■ Material for this task

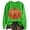 Green, variant on XINPING Womens Fall Sweatshirt Sequin Pumpkin Graphic Pullover Crewneck Top Shirt Oversized Long Sleeve for Halloween Autumn Cozy Soft Warm Loose Fit Daily Wear Outfit
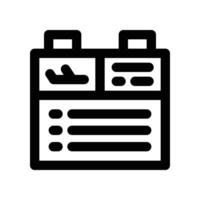 departure icon. line icon for your website, mobile, presentation, and logo design. vector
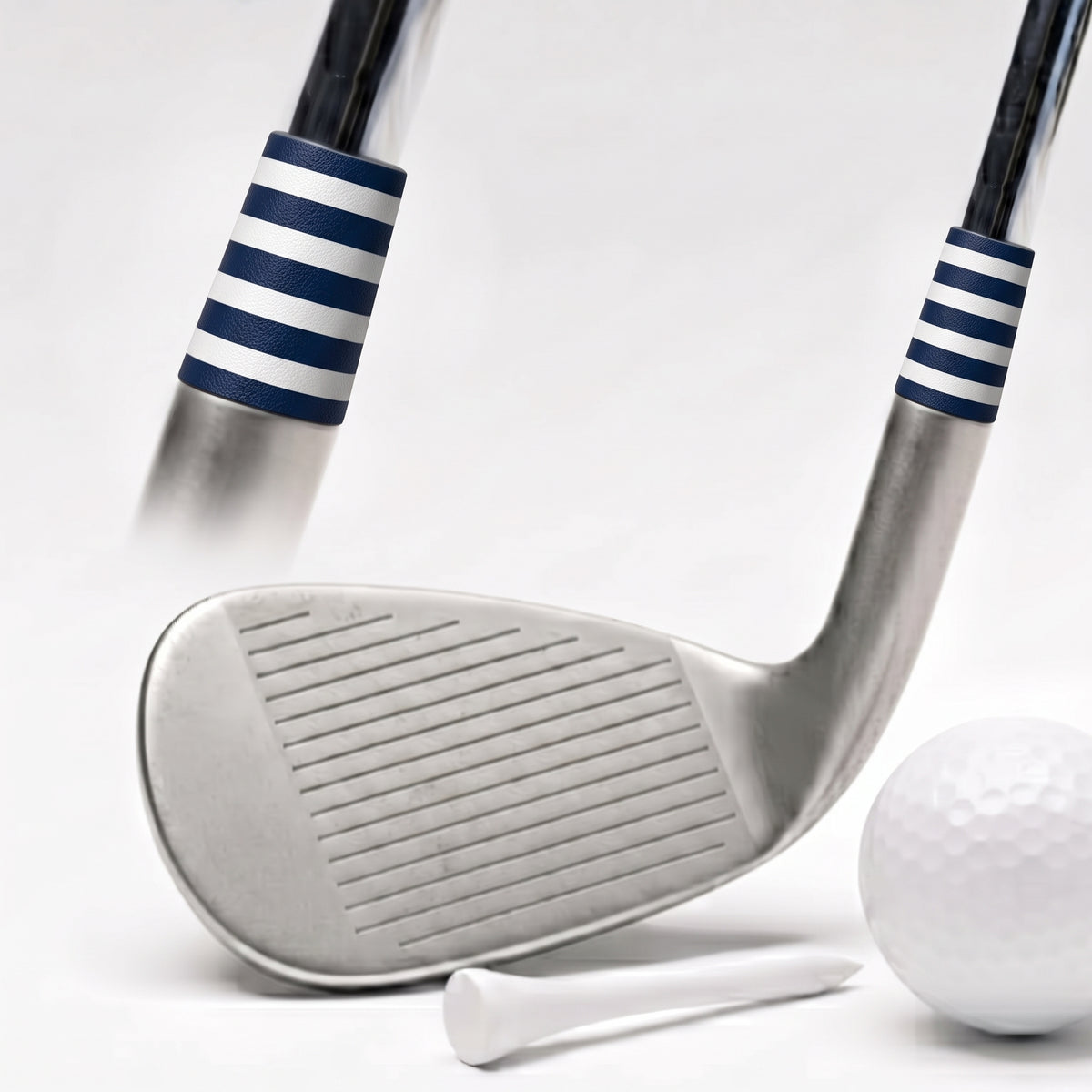 navy and white bands ferrule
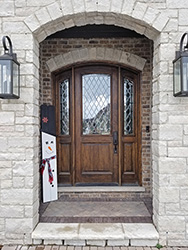 Arched top Mahogany Entry Door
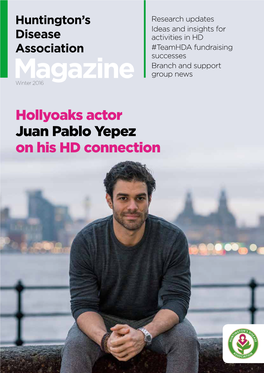 Hollyoaks Actor Juan Pablo Yepez on His HD Connection from Our from Our Chief in This Edition… Chair of Trustees Executive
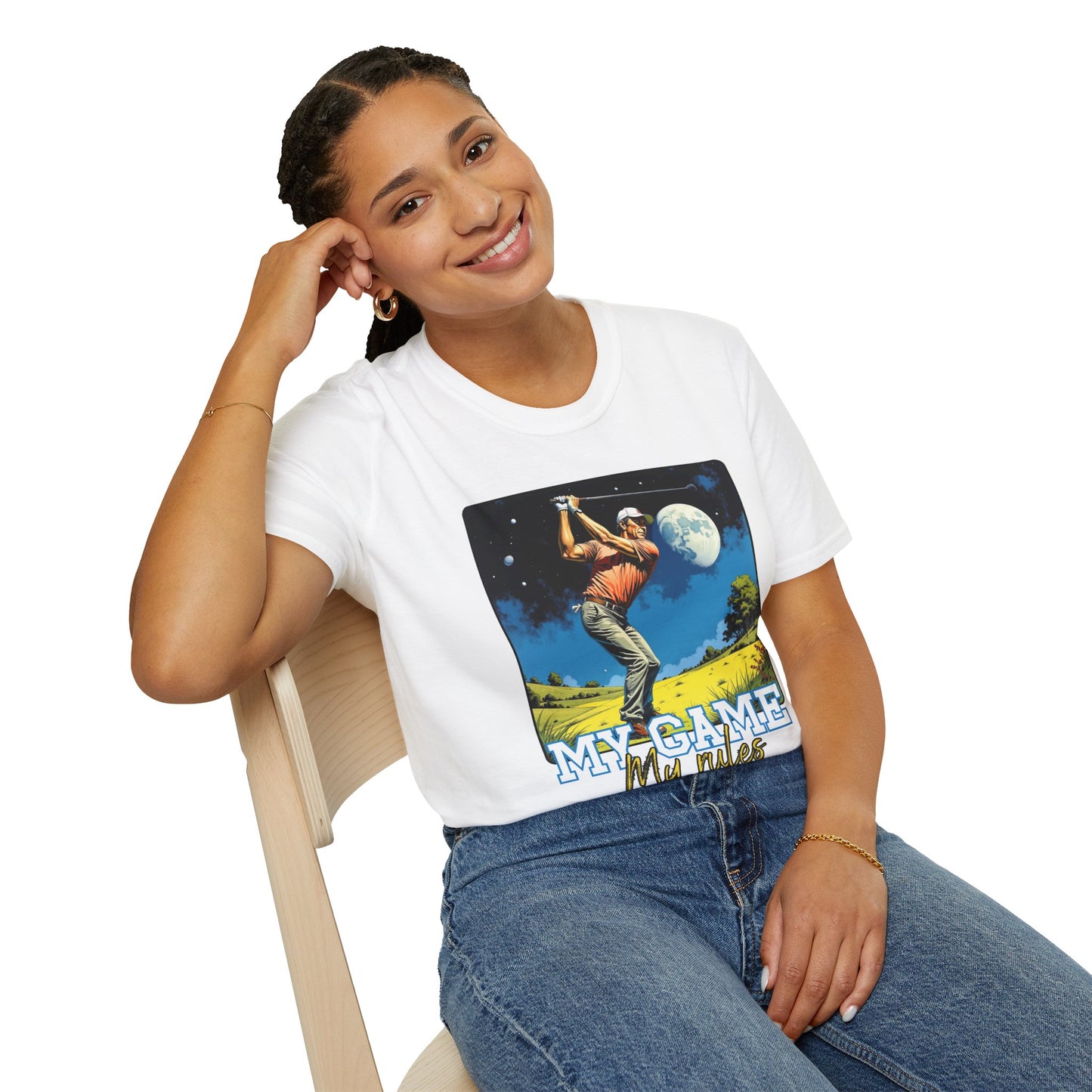 My Game My Rules,Unisex Softstyle T-Shirt,sport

■ The problem
Without the pictures, output the full listing exactly as it stands.

■ Exercise output
 Green, variant on XINPING Womens Fall Sweatshirt Sequin Pumpkin Graphic Pullover Crewneck Top Shirt Oversized Long Sleeve for Halloween Autumn Cozy Soft Warm Loose Fit Daily Wear Outfit
 departure icon. line icon for your website, mobile, presentation, and logo design. vector
 navy and white bands ferrule
 Arched top Mahogany Entry Door
 Hollyoaks Actor Juan Pablo Yepez on His HD Connection from Our from Our Chief in This Edition… Chair of Trustees Executive
 My Game My Rules,Unisex Softstyle T-Shirt,sport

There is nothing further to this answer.